Following suggestions from friends and family, Mr Callingham opened Bekonscot to the amazed public in 1929. The village was seen in newspapers, cinema newsreels and magazines across the world, with thousands flocking to Beaconsfield to see the ‘real-life Lilliput’.
It attracted the attention of the Royal Family, living just a short distance away in Windsor. The first visit was on 20 April 1934, the eve of Princess Elizabeth’s eighth birthday. The future Queen of England returned several times in later years, along with Princess Margaret, Queen Mary and the King. After her coronation, the Queen’s children came too and were equally enthralled with this, the smallest of kingdoms.

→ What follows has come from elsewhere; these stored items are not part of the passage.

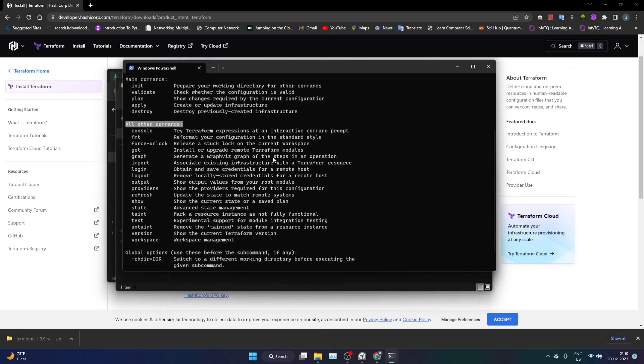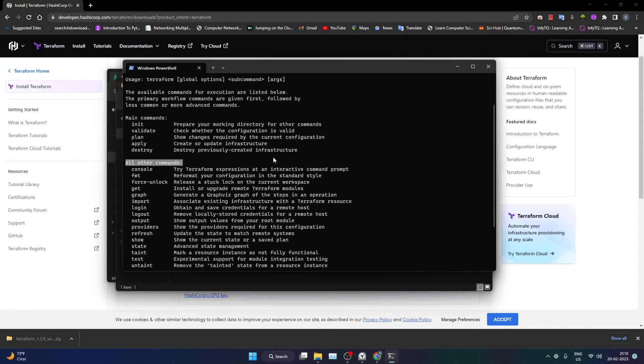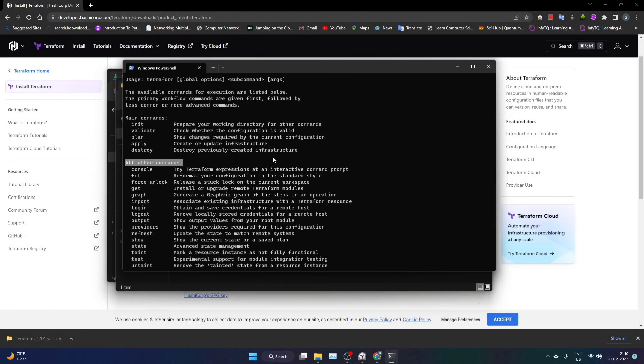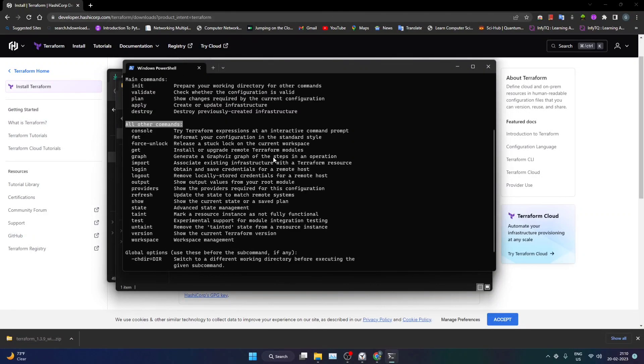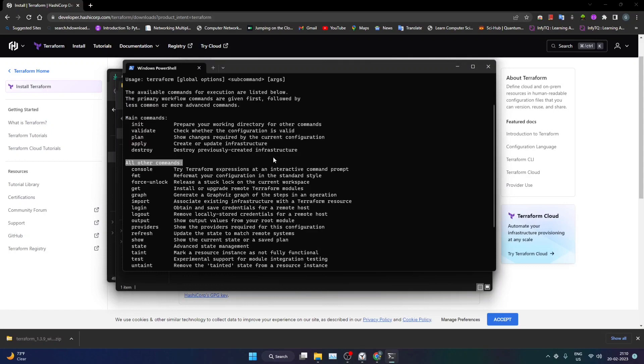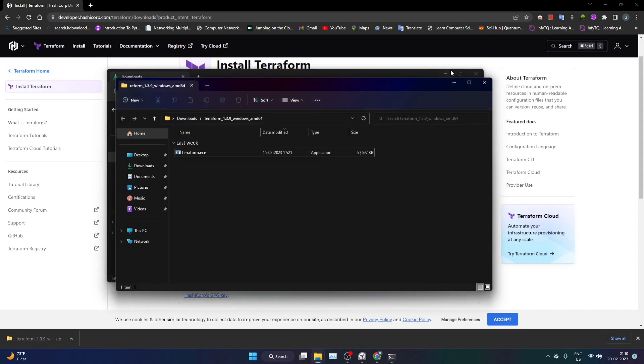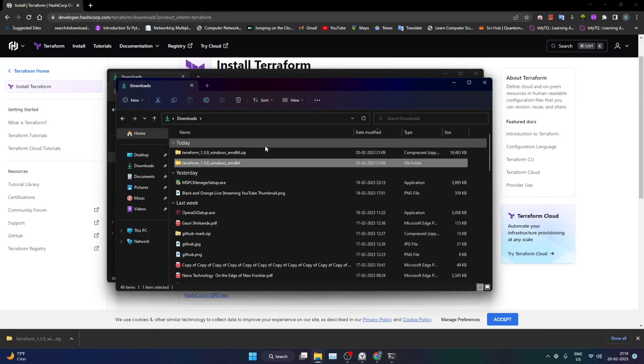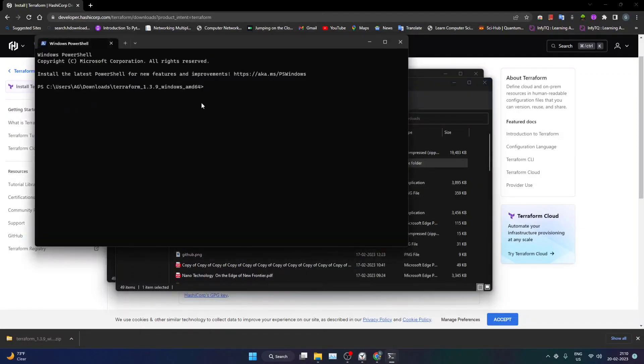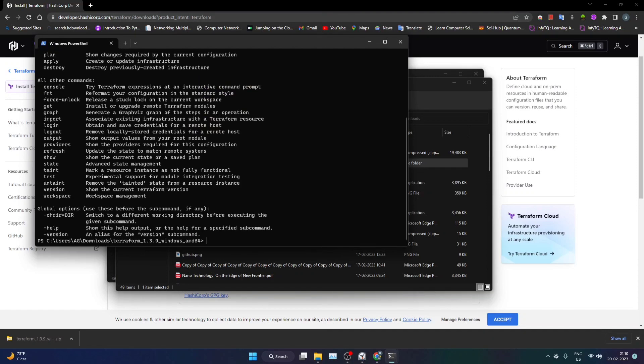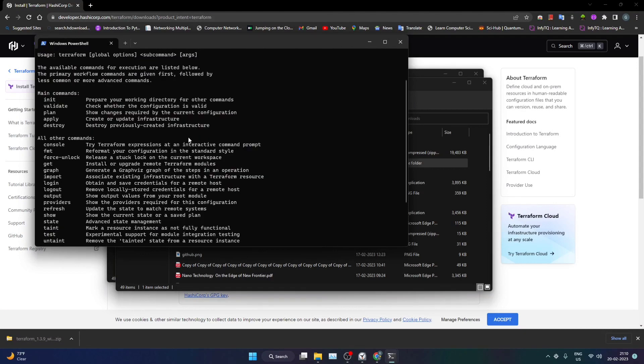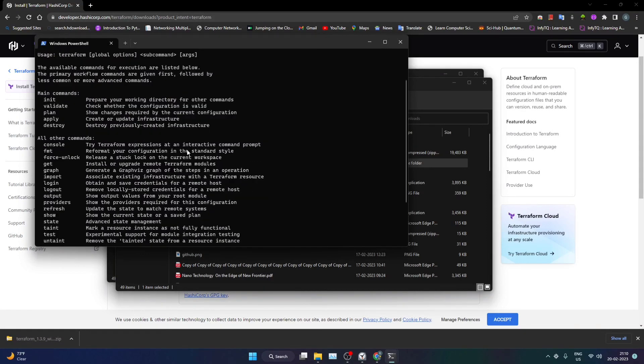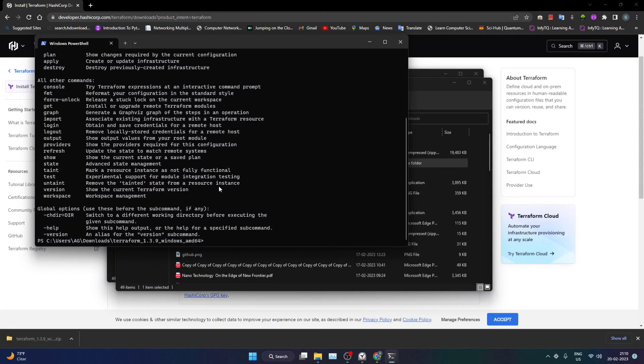Now the thing is that you can run this particular command only within this particular directory. Now if you go to downloads and now if you try to run this particular dot slash terraform dot exe... we are still in the same directory I guess. I'll just go back.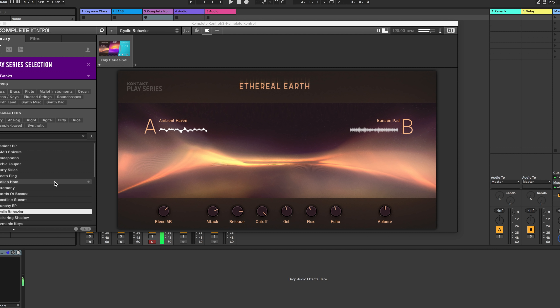By the way, what do you guys think is the best piano virtual instrument out there? I'm curious to know your favorites — leave them in the comments below.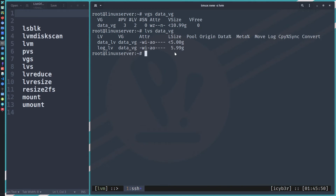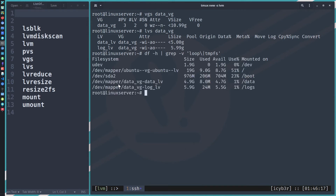Now we need to check how much free space we have on both logical volumes. The command will be `df` — disk free. As we can see, we have two logical volumes mounted: the first one mounted to /data and the second to /logs. We have 4.7 gigabytes available on the first and 5.5 gigabytes on the second. That means we have enough free available space we can reclaim back to data_vg as free space in the volume group.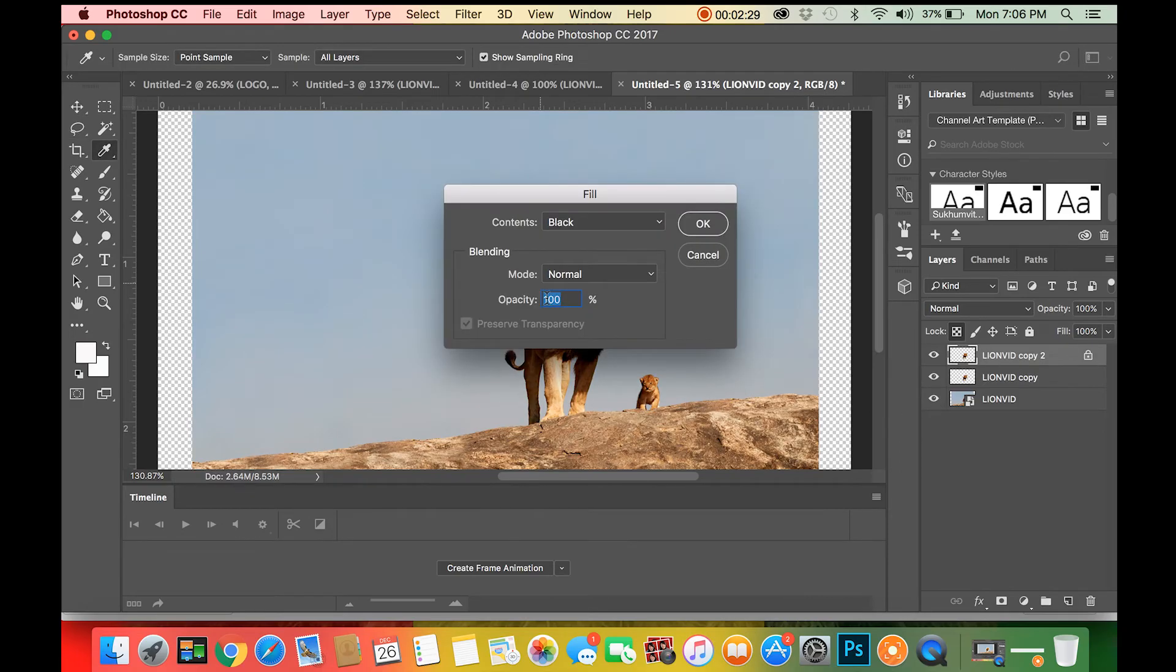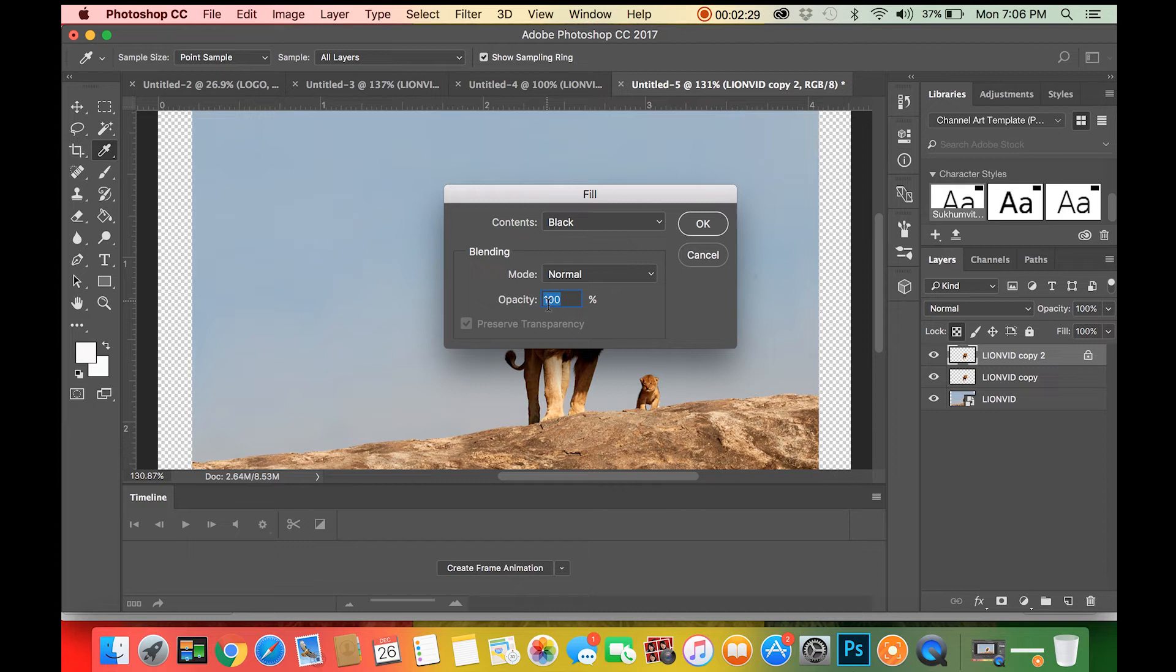This will bring up the fill dialog. Make sure the contents are set to black, the mode is set to normal, and the opacity is set to 100%. Click OK.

There wasn’t an admission charge – but visitors were asked to put charitable donations in a box if they wished. All proceeds went to the Railway Benevolent Institution – Mr Callingham was a railway fan and many of the volunteers helping with the model railway were railway staff.
Since then, all of our profits have been donated to charity each year – and we’re proud that we’ve given the equivalent of over £5.5 million so far. That’s thanks to visitors, like you.
With Bekonscot’s growing popularity, the public opening hours were extended from occasional days to weekend opening too. For a while, there were open evenings when every building and path was lit up with thousands of tiny twinkling electric lights. Occasionally we come across bits of the wiring network buried deep inside rockeries and older buildings.
As visitor numbers increased, paths were widened and more buildings such as Epwood Castle and the village of Evenlode were added.
Members of Mr Callingham’s household staff, including his cook, gardeners, chauffeur and maid, all came to help run the growing empire that was Bekonscot Model Village.